## GOAL OF THE EXERCISE
Copy the records below in full, keeping each word as it is but omitting the pictures.

## THE INPUT

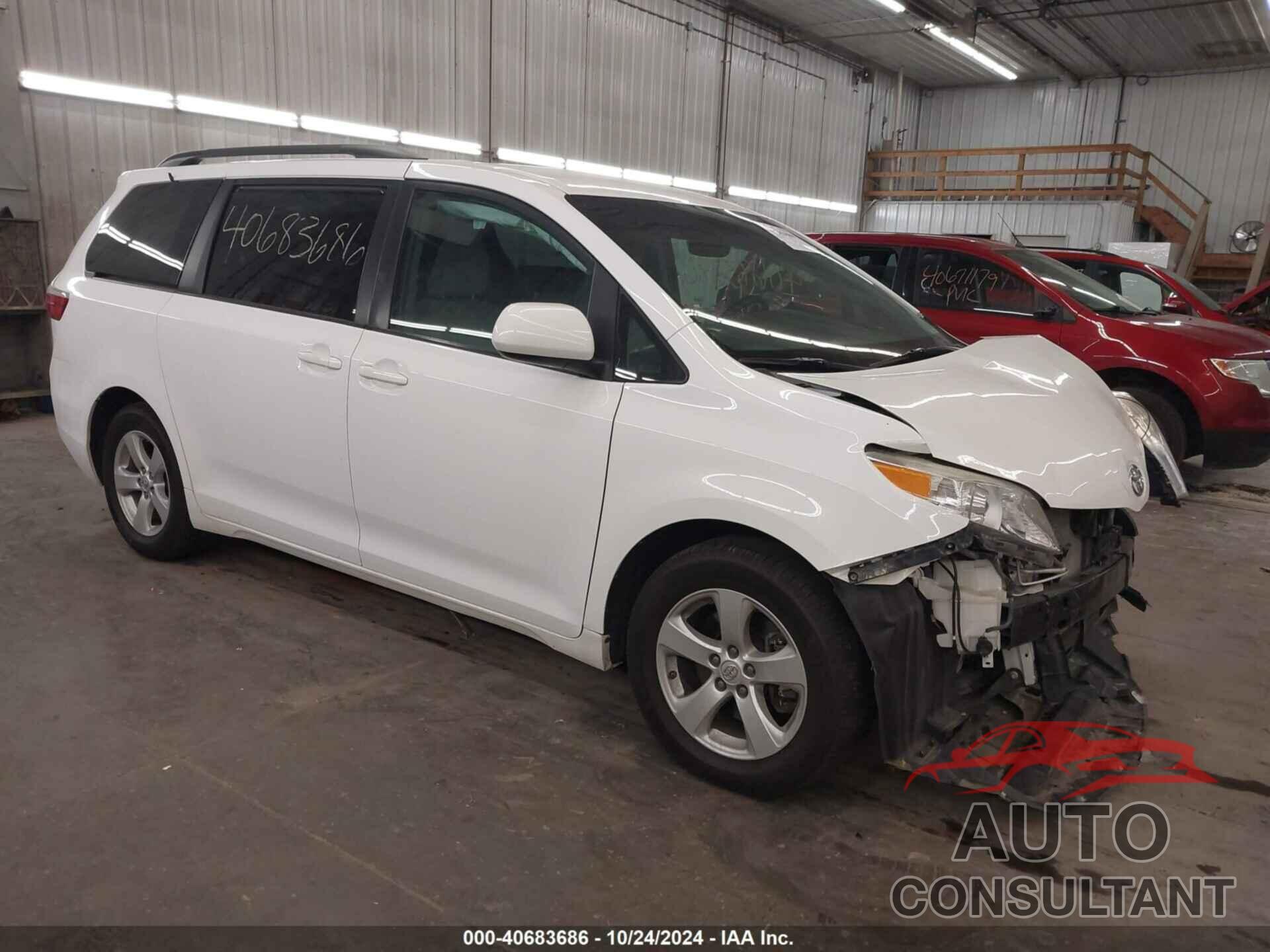 TOYOTA SIENNA 2016 - 5TDKK3DC1GS708323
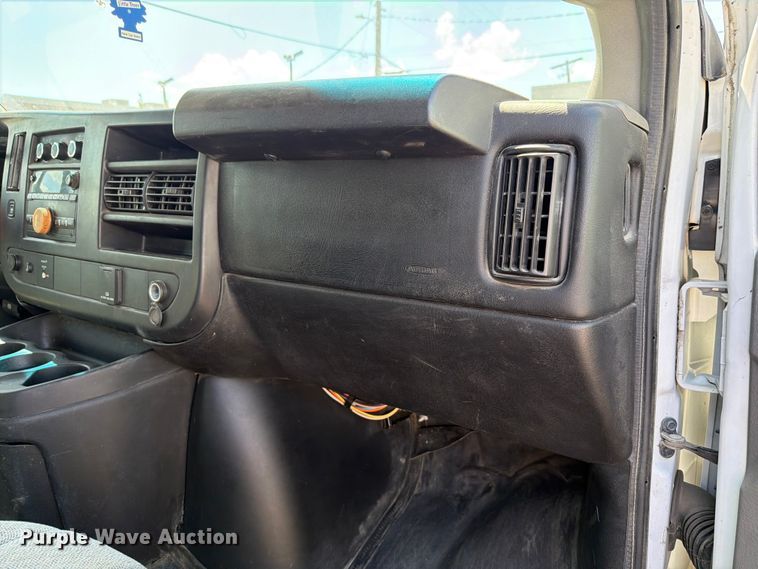 image for item FH6251 2017 GMC Savana G2500 van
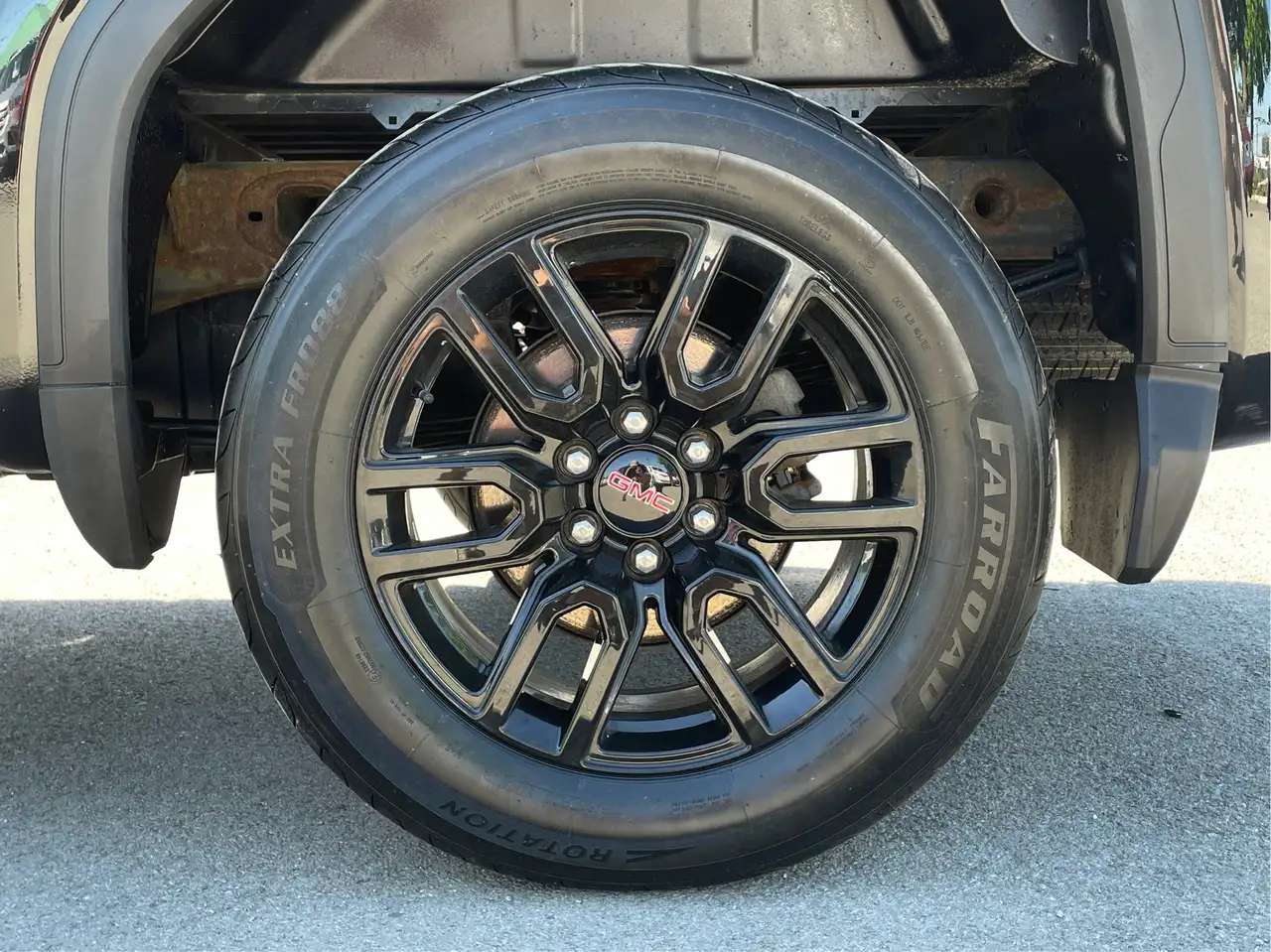 GMC Sierra 1500 photo GMC Sierra 1500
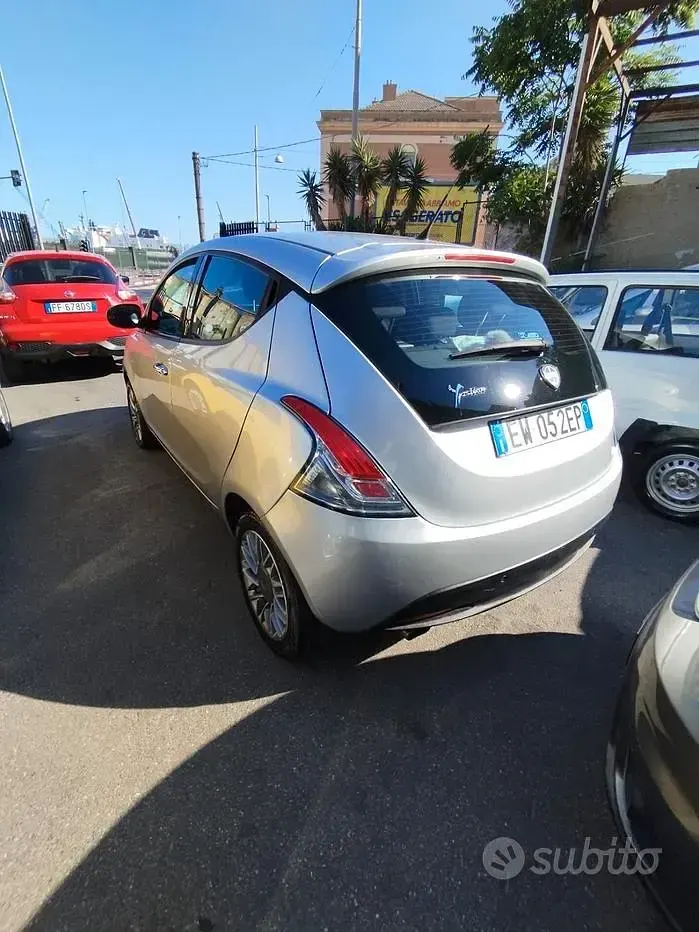 Usata Lancia Ypsilon Silver 69 CV (50 kW) 2014 Grigio Utilitaria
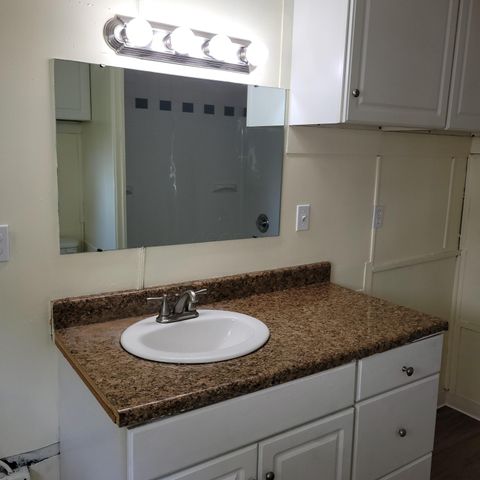 438 S Powell Avenue, Columbus, OH 43204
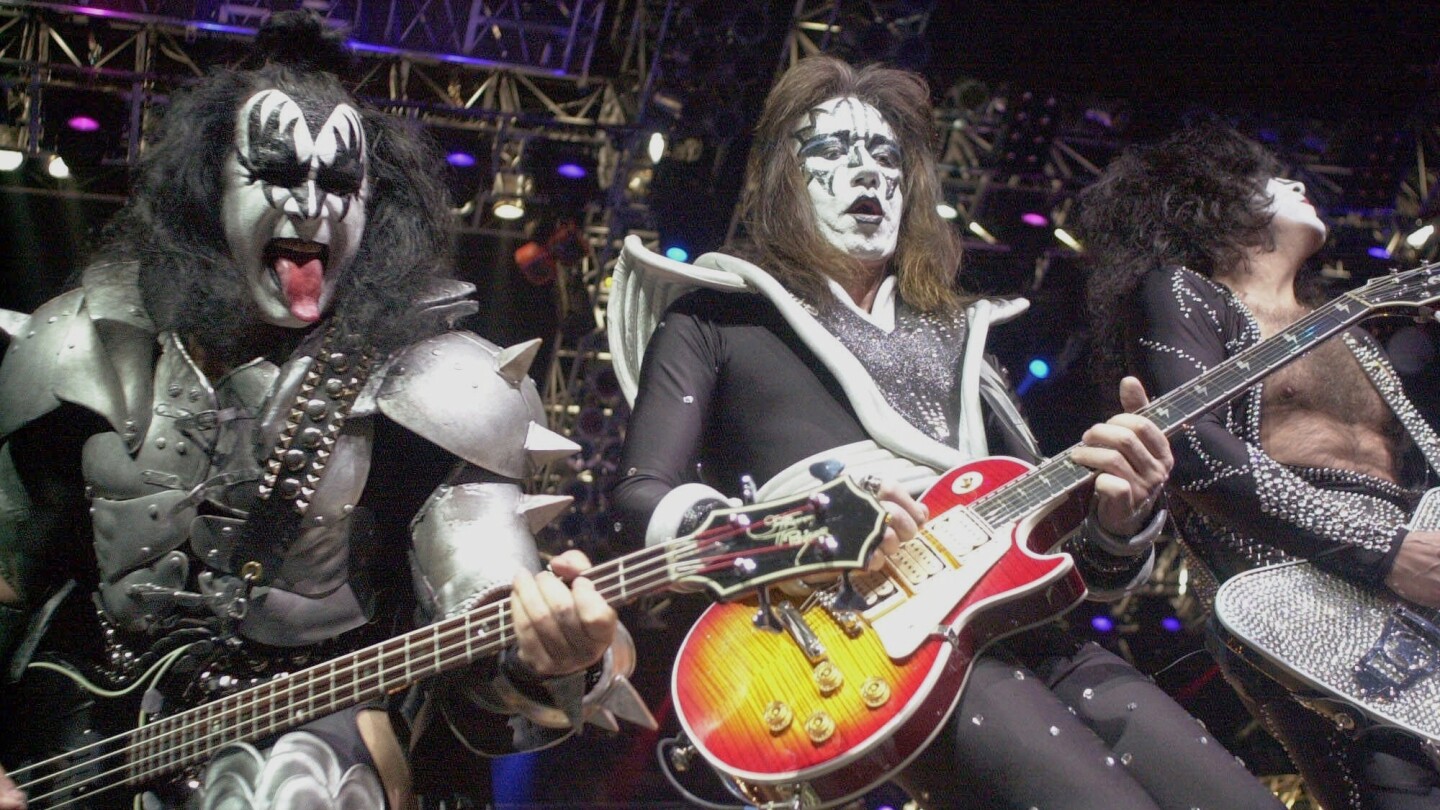 ace-frehley,-kiss’-original-lead-guitarist-and-founding-member,-dies-at-74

## RESULT OF THIS TASK
 TOYOTA SIENNA 2016 - 5TDKK3DC1GS708323
 image for item FH6251 2017 GMC Savana G2500 van
 GMC Sierra 1500 photo GMC Sierra 1500
 Usata Lancia Ypsilon Silver 69 CV (50 kW) 2014 Grigio Utilitaria
 438 S Powell Avenue, Columbus, OH 43204
 ace-frehley,-kiss’-original-lead-guitarist-and-founding-member,-dies-at-74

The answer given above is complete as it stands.